Supplied entries below:

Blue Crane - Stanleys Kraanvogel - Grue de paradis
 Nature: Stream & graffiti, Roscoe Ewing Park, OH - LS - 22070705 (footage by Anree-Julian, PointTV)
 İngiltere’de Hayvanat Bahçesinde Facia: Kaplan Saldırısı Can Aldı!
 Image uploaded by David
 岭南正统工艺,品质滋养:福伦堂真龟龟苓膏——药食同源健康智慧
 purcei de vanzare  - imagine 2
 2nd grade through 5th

End of Supplied entries.

Write out exactly those lines of the records above that lie from the one with "İngiltere’de Hayvanat Bahçesinde" through the last line, including both.

**Task output:**
 İngiltere’de Hayvanat Bahçesinde Facia: Kaplan Saldırısı Can Aldı!
 Image uploaded by David
 岭南正统工艺,品质滋养:福伦堂真龟龟苓膏——药食同源健康智慧
 purcei de vanzare  - imagine 2
 2nd grade through 5th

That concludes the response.